Every record here needs to be duplicated exactly.
____ DATA TO USE
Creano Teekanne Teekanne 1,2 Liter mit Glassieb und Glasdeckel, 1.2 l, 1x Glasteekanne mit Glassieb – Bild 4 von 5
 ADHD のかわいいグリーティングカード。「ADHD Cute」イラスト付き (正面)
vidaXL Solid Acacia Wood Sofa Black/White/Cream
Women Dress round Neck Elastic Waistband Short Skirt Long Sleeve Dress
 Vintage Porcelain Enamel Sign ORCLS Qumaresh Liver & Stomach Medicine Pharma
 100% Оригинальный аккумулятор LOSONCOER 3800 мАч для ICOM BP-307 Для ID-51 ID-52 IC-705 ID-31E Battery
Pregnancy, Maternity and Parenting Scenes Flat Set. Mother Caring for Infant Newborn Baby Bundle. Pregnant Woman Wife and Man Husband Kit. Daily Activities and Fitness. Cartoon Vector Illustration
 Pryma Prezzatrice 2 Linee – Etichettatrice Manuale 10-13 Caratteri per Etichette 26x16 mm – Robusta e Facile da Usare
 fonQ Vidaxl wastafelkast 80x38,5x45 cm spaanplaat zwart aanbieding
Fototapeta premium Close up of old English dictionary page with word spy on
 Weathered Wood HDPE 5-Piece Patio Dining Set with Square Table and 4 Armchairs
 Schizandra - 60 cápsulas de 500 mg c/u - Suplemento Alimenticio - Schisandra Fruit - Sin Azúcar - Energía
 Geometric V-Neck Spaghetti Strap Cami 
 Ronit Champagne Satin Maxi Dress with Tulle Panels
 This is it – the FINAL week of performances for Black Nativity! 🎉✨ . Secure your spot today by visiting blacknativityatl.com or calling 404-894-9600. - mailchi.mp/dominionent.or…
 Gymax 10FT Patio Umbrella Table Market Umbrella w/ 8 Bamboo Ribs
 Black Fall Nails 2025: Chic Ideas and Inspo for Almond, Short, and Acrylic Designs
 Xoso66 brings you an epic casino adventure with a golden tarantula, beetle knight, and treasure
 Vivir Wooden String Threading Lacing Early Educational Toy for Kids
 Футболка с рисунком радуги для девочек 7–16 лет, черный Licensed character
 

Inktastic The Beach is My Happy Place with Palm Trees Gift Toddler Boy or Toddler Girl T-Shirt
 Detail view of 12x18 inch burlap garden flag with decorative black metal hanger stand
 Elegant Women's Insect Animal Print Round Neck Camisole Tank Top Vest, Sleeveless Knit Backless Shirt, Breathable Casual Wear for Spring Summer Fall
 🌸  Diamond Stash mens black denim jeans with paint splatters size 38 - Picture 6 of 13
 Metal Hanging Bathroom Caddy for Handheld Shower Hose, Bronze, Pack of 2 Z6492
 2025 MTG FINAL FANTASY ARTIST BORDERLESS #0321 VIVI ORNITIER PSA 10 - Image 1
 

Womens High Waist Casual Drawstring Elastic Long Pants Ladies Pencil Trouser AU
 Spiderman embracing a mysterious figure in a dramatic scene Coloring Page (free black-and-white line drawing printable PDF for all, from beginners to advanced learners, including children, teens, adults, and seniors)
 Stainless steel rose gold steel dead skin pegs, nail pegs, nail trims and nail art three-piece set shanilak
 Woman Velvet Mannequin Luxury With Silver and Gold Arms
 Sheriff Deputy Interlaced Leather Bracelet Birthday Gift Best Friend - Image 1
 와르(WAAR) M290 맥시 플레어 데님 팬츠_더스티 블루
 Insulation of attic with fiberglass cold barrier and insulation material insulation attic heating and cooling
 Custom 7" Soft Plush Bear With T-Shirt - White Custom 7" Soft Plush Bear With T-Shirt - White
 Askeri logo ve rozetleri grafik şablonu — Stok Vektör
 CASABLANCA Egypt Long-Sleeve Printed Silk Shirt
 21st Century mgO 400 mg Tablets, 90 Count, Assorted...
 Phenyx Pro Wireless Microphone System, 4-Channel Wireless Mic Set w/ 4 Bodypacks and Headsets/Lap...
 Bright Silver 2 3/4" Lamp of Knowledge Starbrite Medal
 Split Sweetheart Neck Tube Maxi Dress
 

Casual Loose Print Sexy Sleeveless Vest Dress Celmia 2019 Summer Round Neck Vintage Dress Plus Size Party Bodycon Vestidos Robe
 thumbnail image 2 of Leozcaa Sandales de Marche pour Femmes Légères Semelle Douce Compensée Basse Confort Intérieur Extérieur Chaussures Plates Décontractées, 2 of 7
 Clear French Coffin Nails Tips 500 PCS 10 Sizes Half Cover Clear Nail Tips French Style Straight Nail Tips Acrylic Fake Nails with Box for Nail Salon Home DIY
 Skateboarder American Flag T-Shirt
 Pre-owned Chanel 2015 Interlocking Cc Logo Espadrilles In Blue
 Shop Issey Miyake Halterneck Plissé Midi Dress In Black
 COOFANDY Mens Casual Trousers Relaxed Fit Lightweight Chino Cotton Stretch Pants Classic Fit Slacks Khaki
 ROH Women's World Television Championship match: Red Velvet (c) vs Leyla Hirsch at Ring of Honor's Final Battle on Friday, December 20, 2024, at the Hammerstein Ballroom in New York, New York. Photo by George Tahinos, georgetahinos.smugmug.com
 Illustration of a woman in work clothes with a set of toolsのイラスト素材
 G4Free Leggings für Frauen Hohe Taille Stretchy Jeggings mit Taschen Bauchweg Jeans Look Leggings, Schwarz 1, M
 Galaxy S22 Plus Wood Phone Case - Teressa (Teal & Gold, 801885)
________
ANSWER TO THE PROBLEM:
Creano Teekanne Teekanne 1,2 Liter mit Glassieb und Glasdeckel, 1.2 l, 1x Glasteekanne mit Glassieb – Bild 4 von 5
 ADHD のかわいいグリーティングカード。「ADHD Cute」イラスト付き (正面)
vidaXL Solid Acacia Wood Sofa Black/White/Cream
Women Dress round Neck Elastic Waistband Short Skirt Long Sleeve Dress
 Vintage Porcelain Enamel Sign ORCLS Qumaresh Liver & Stomach Medicine Pharma
 100% Оригинальный аккумулятор LOSONCOER 3800 мАч для ICOM BP-307 Для ID-51 ID-52 IC-705 ID-31E Battery
Pregnancy, Maternity and Parenting Scenes Flat Set. Mother Caring for Infant Newborn Baby Bundle. Pregnant Woman Wife and Man Husband Kit. Daily Activities and Fitness. Cartoon Vector Illustration
 Pryma Prezzatrice 2 Linee – Etichettatrice Manuale 10-13 Caratteri per Etichette 26x16 mm – Robusta e Facile da Usare
 fonQ Vidaxl wastafelkast 80x38,5x45 cm spaanplaat zwart aanbieding
Fototapeta premium Close up of old English dictionary page with word spy on
 Weathered Wood HDPE 5-Piece Patio Dining Set with Square Table and 4 Armchairs
 Schizandra - 60 cápsulas de 500 mg c/u - Suplemento Alimenticio - Schisandra Fruit - Sin Azúcar - Energía
 Geometric V-Neck Spaghetti Strap Cami 
 Ronit Champagne Satin Maxi Dress with Tulle Panels
 This is it – the FINAL week of performances for Black Nativity! 🎉✨ . Secure your spot today by visiting blacknativityatl.com or calling 404-894-9600. - mailchi.mp/dominionent.or…
 Gymax 10FT Patio Umbrella Table Market Umbrella w/ 8 Bamboo Ribs
 Black Fall Nails 2025: Chic Ideas and Inspo for Almond, Short, and Acrylic Designs
 Xoso66 brings you an epic casino adventure with a golden tarantula, beetle knight, and treasure
 Vivir Wooden String Threading Lacing Early Educational Toy for Kids
 Футболка с рисунком радуги для девочек 7–16 лет, черный Licensed character
 

Inktastic The Beach is My Happy Place with Palm Trees Gift Toddler Boy or Toddler Girl T-Shirt
 Detail view of 12x18 inch burlap garden flag with decorative black metal hanger stand
 Elegant Women's Insect Animal Print Round Neck Camisole Tank Top Vest, Sleeveless Knit Backless Shirt, Breathable Casual Wear for Spring Summer Fall
 🌸  Diamond Stash mens black denim jeans with paint splatters size 38 - Picture 6 of 13
 Metal Hanging Bathroom Caddy for Handheld Shower Hose, Bronze, Pack of 2 Z6492
 2025 MTG FINAL FANTASY ARTIST BORDERLESS #0321 VIVI ORNITIER PSA 10 - Image 1
 

Womens High Waist Casual Drawstring Elastic Long Pants Ladies Pencil Trouser AU
 Spiderman embracing a mysterious figure in a dramatic scene Coloring Page (free black-and-white line drawing printable PDF for all, from beginners to advanced learners, including children, teens, adults, and seniors)
 Stainless steel rose gold steel dead skin pegs, nail pegs, nail trims and nail art three-piece set shanilak
 Woman Velvet Mannequin Luxury With Silver and Gold Arms
 Sheriff Deputy Interlaced Leather Bracelet Birthday Gift Best Friend - Image 1
 와르(WAAR) M290 맥시 플레어 데님 팬츠_더스티 블루
 Insulation of attic with fiberglass cold barrier and insulation material insulation attic heating and cooling
 Custom 7" Soft Plush Bear With T-Shirt - White Custom 7" Soft Plush Bear With T-Shirt - White
 Askeri logo ve rozetleri grafik şablonu — Stok Vektör
 CASABLANCA Egypt Long-Sleeve Printed Silk Shirt
 21st Century mgO 400 mg Tablets, 90 Count, Assorted...
 Phenyx Pro Wireless Microphone System, 4-Channel Wireless Mic Set w/ 4 Bodypacks and Headsets/Lap...
 Bright Silver 2 3/4" Lamp of Knowledge Starbrite Medal
 Split Sweetheart Neck Tube Maxi Dress
 

Casual Loose Print Sexy Sleeveless Vest Dress Celmia 2019 Summer Round Neck Vintage Dress Plus Size Party Bodycon Vestidos Robe
 thumbnail image 2 of Leozcaa Sandales de Marche pour Femmes Légères Semelle Douce Compensée Basse Confort Intérieur Extérieur Chaussures Plates Décontractées, 2 of 7
 Clear French Coffin Nails Tips 500 PCS 10 Sizes Half Cover Clear Nail Tips French Style Straight Nail Tips Acrylic Fake Nails with Box for Nail Salon Home DIY
 Skateboarder American Flag T-Shirt
 Pre-owned Chanel 2015 Interlocking Cc Logo Espadrilles In Blue
 Shop Issey Miyake Halterneck Plissé Midi Dress In Black
 COOFANDY Mens Casual Trousers Relaxed Fit Lightweight Chino Cotton Stretch Pants Classic Fit Slacks Khaki
 ROH Women's World Television Championship match: Red Velvet (c) vs Leyla Hirsch at Ring of Honor's Final Battle on Friday, December 20, 2024, at the Hammerstein Ballroom in New York, New York. Photo by George Tahinos, georgetahinos.smugmug.com
 Illustration of a woman in work clothes with a set of toolsのイラスト素材
 G4Free Leggings für Frauen Hohe Taille Stretchy Jeggings mit Taschen Bauchweg Jeans Look Leggings, Schwarz 1, M
 Galaxy S22 Plus Wood Phone Case - Teressa (Teal & Gold, 801885)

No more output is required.